(Beginning of Exercise material)

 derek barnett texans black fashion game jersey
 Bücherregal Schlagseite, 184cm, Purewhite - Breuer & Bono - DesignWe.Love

(End of Exercise material)
(Beginning of Exercise material)

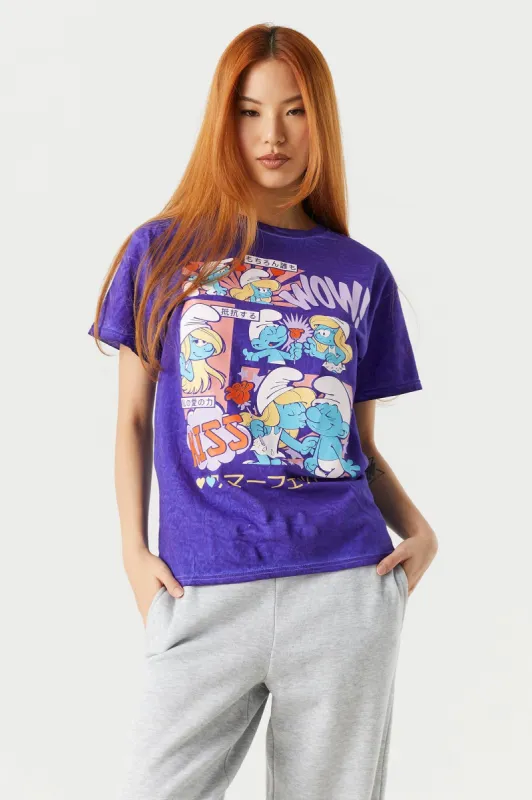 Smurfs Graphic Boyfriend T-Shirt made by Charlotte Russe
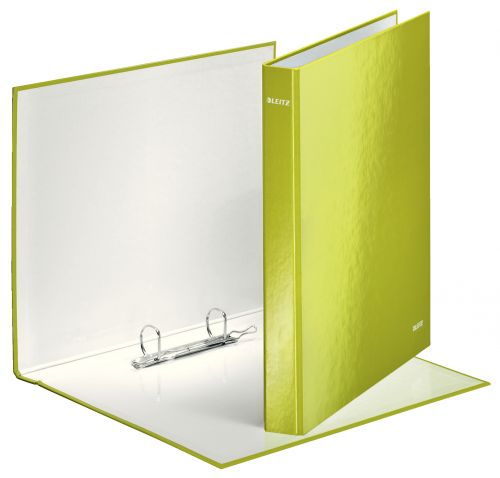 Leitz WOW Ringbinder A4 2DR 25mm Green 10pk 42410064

(End of Exercise material)

Work order
In the listing above, find the line containing "Smurfs Graphic Boyfriend" and the line containing "Leitz WOW Ringbinder", then return both of them and every line between, exactly, without pictures.

Task response
 Smurfs Graphic Boyfriend T-Shirt made by Charlotte Russe
 Leitz WOW Ringbinder A4 2DR 25mm Green 10pk 42410064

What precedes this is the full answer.